__Task details__: With pictures removed, the data below should be returned exactly.

__Supplied material__:
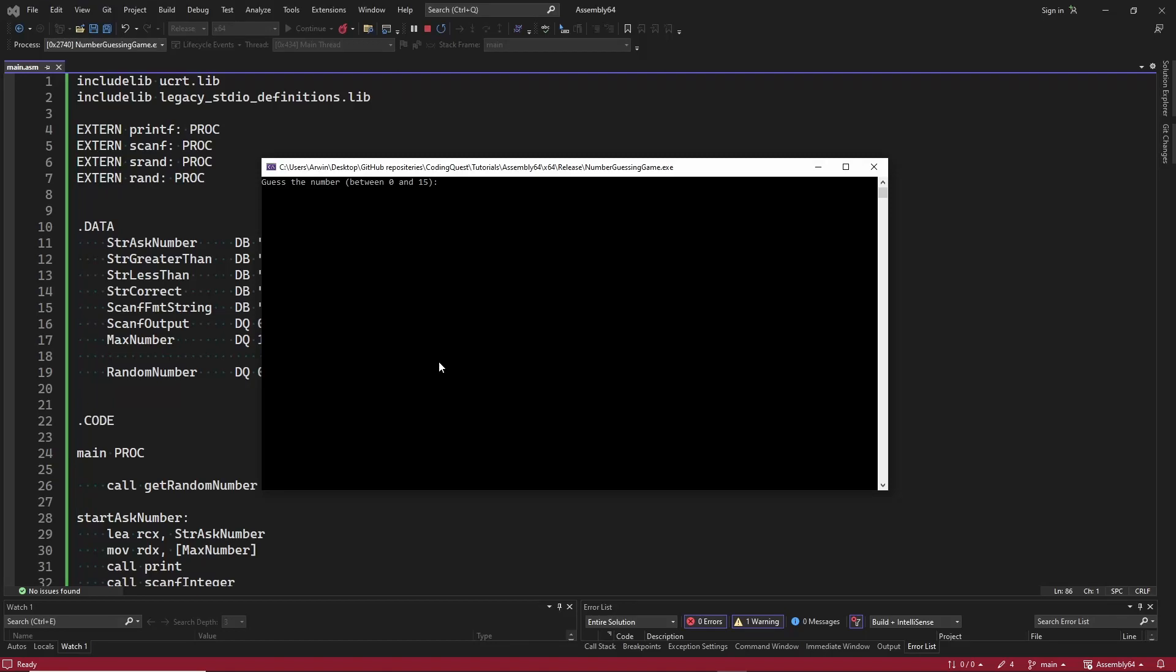Hello, welcome to this new video. In this video we are going to look at a game fully implemented in assembly code. It's a very simple game, but it is perfect to show some of the things that we have learned before.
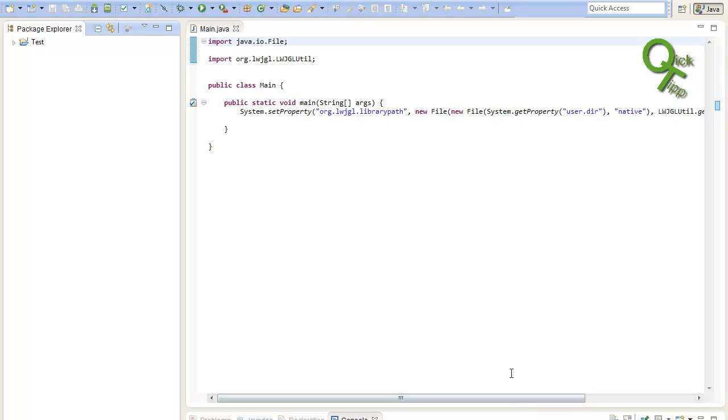Hey, what's up? Jun here from CodingQuickTips and today I will show you the basic structure of slick2d and how to create a new window in slick2d.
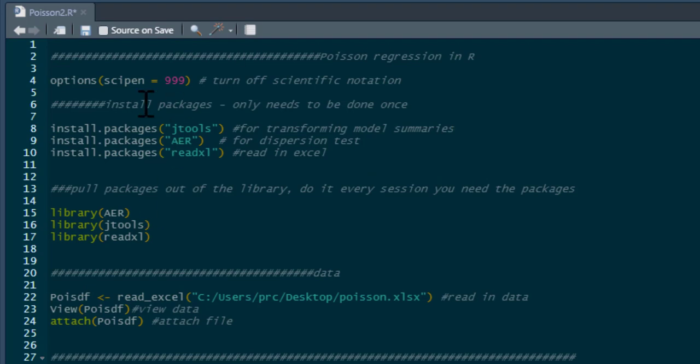If you haven't installed these packages before, you'll need to install them, but you only need to do that once. You do need to pull them out of the library each time you wish to use them.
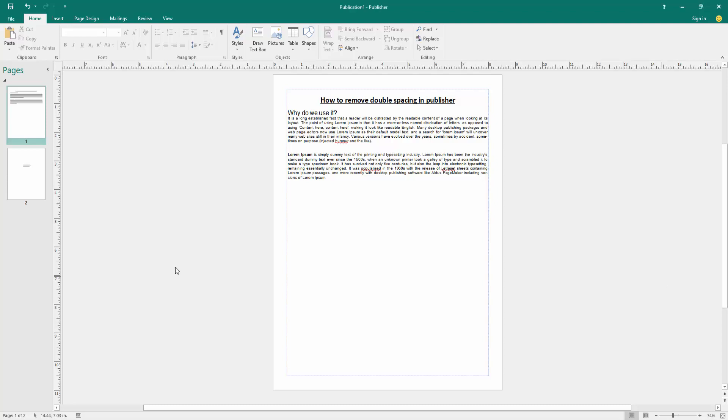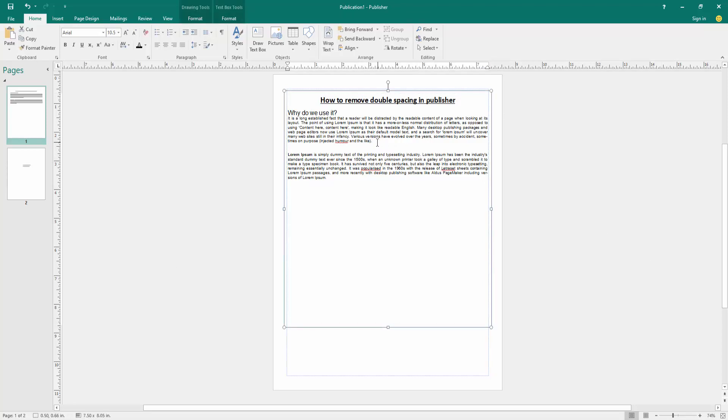First, we have to open a Publisher document with some pages and text. Now we can see here this page has some double space. Now we want to remove the double spacing in this Publisher document.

__Output__:
Hello, welcome to this new video. In this video we are going to look at a game fully implemented in assembly code. It's a very simple game, but it is perfect to show some of the things that we have learned before.
Hey, what's up? Jun here from CodingQuickTips and today I will show you the basic structure of slick2d and how to create a new window in slick2d.
If you haven't installed these packages before, you'll need to install them, but you only need to do that once. You do need to pull them out of the library each time you wish to use them.
First, we have to open a Publisher document with some pages and text. Now we can see here this page has some double space. Now we want to remove the double spacing in this Publisher document.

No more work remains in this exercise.